# Exploratory data analysis

### Introduction

In this tutorial we shall learn to perform simple statistical analysis and plotting of data with R. The parts involving astronomical information are based on the notes by Prof. David Hunter.

### Getting astronomical data

All the data sets used in these tutorials are already made available locally, in a format ready to be fed into R. However, it is instructive to know how to obtain astronomical data sets from the web as well as from raw formats like the Flexible Image Transport System (FITS) format.

#### Data from the web

This section has nothing to do with R. It is just an overview of online astronomical data resources. You may skip this section without any loss of continuity.
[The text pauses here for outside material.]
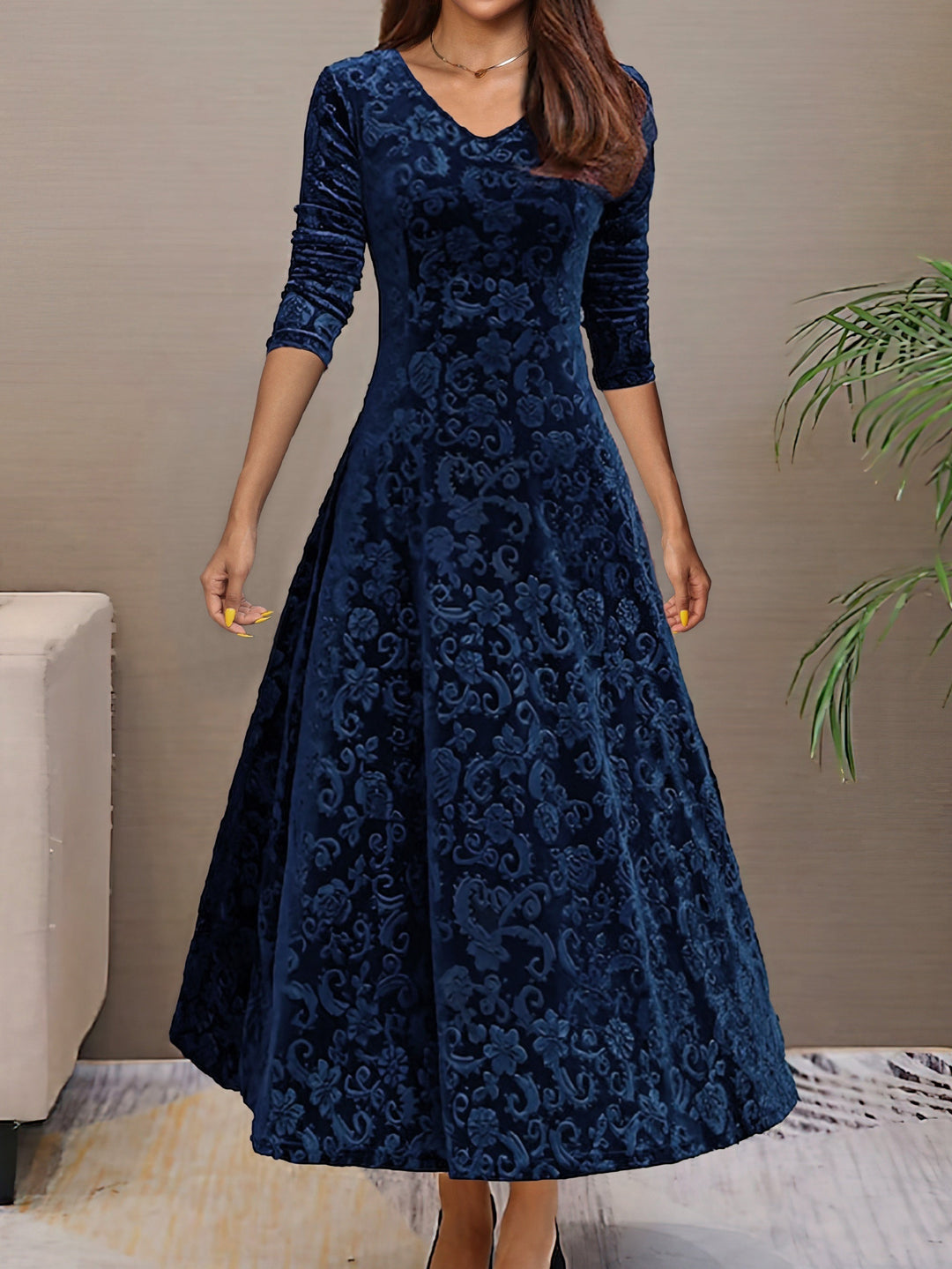 Denise | Velvet Holiday Dress with Timeless Elegance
Also the internet is an ever-changing place. So the URLs may have changed since the time of writing.

The astronomical community has a vast complex of online databases. Many databases are hosted by data centers such as

The Virtual Observatory (VO) is developing new flexible tools for accessing, mining and combining datasets at distributed locations; see the Web sites for the international, European, and U.S VO for information on recent developments.

The VO Web Services and Summer Schools provide helpful entries into these new capabilities.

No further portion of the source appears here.